According to the Morning Context, an Indian news and commentary outlet, Amazon has initiated an investigation into the conduct of its legal agents in India, following a complaint from a whistleblower who claimed that one or more of the company’s representatives had paid government officials.

The corporation is looking into whether legal fees paid by it were used to bribe government officials, according to the newspaper, which cited anonymous sources and did not name the officials. According to the story (paywalled), Amazon has placed Rahul Sundaram, a senior corporate lawyer, on leave.

An Amazon spokeswoman told TechCrunch that the business has “zero tolerance” for corruption, but declined to comment on the inquiry.

“We take claims of wrongdoing seriously, conduct thorough investigations, and take necessary action. At this point, we are unable to comment on particular claims or the status of any investigation,” the representative continued.

India is one of Amazon’s most important international markets. In recent years, the American e-commerce company has aggressively grown into several categories and invested over $6.5 billion in its South Asian operations.

The news comes months after Reuters claimed that Amazon had discreetly favored big vendors, misrepresented its ties with them, and exploited such deals to get around the South Asian country’s foreign investment regulations.

In India, Amazon is also the subject of an ongoing antitrust inquiry.
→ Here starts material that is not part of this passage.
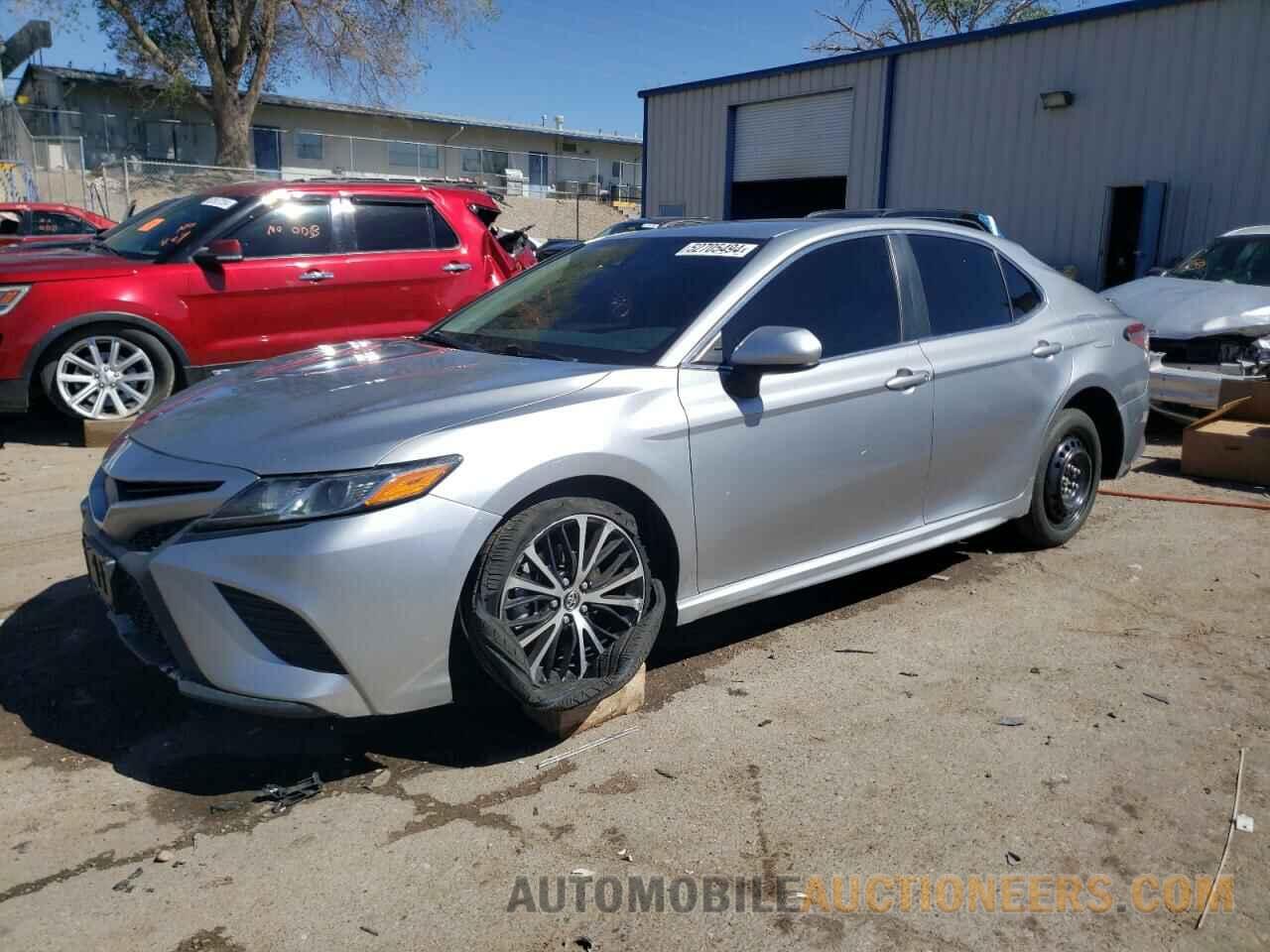 4T1B11HK6JU075597 TOYOTA CAMRY 2018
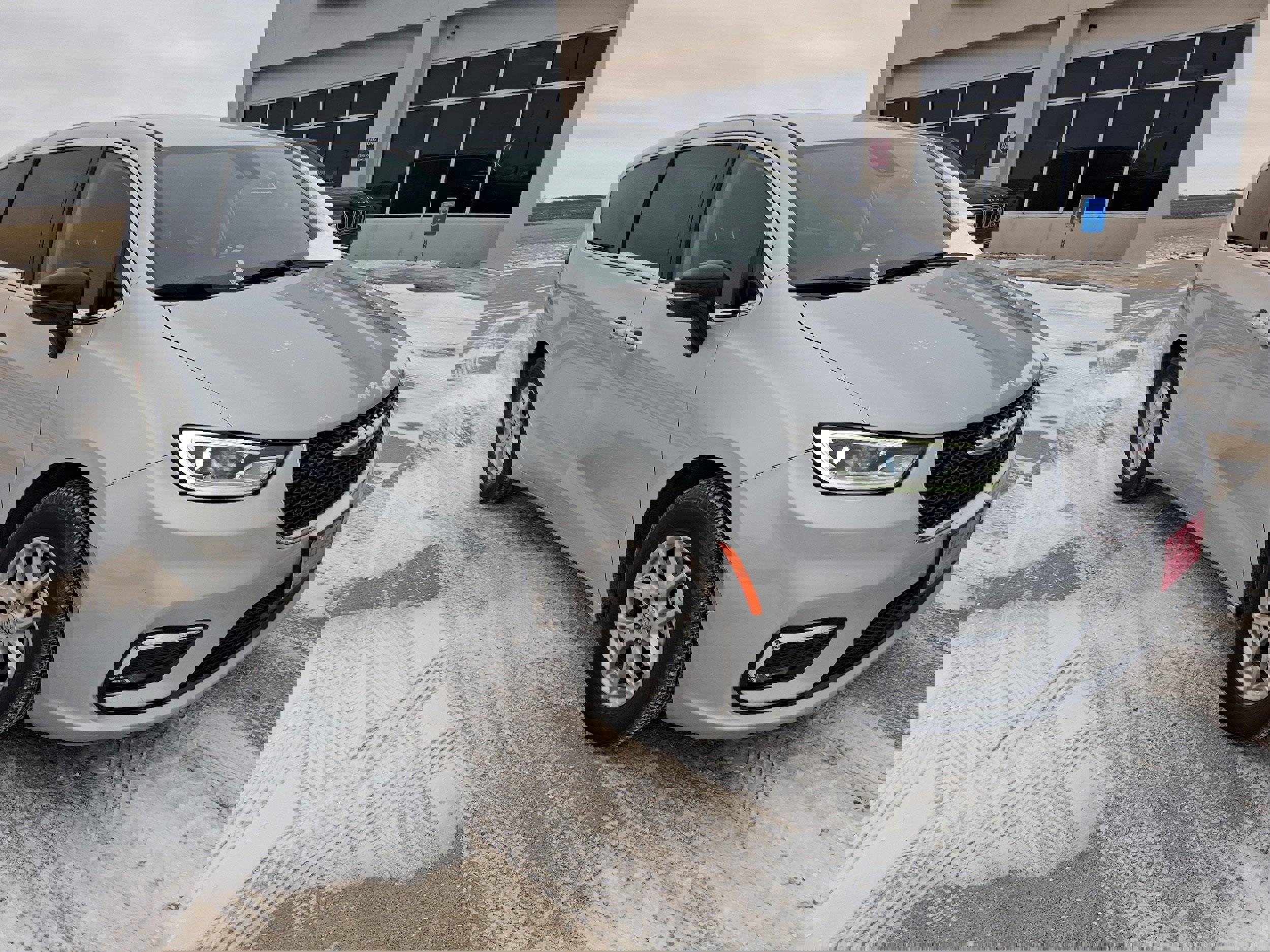 Used 2024 Chrysler Pacifica Touring-L image 4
Local authorities summoned and questioned a top-level executive at the firm earlier this year over allegations that one of its political dramas on Prime Video offended religious sentiments and sparked public wrath, despite the company’s unsuccessful appeal.

After the nine-part miniseries, the firm made a rare apology to Indian users. The news comes months after Reuters claimed that Amazon had discreetly favored big vendors, misrepresented its ties with them, and exploited such deals to get around the South Asian country’s foreign investment regulations.

In India, Amazon is also the subject of an ongoing antitrust inquiry. Local authorities summoned and questioned a top-level executive at the firm earlier this year over allegations that one of its political dramas on Prime Video offended religious sentiments and sparked public wrath, despite the company’s unsuccessful appeal.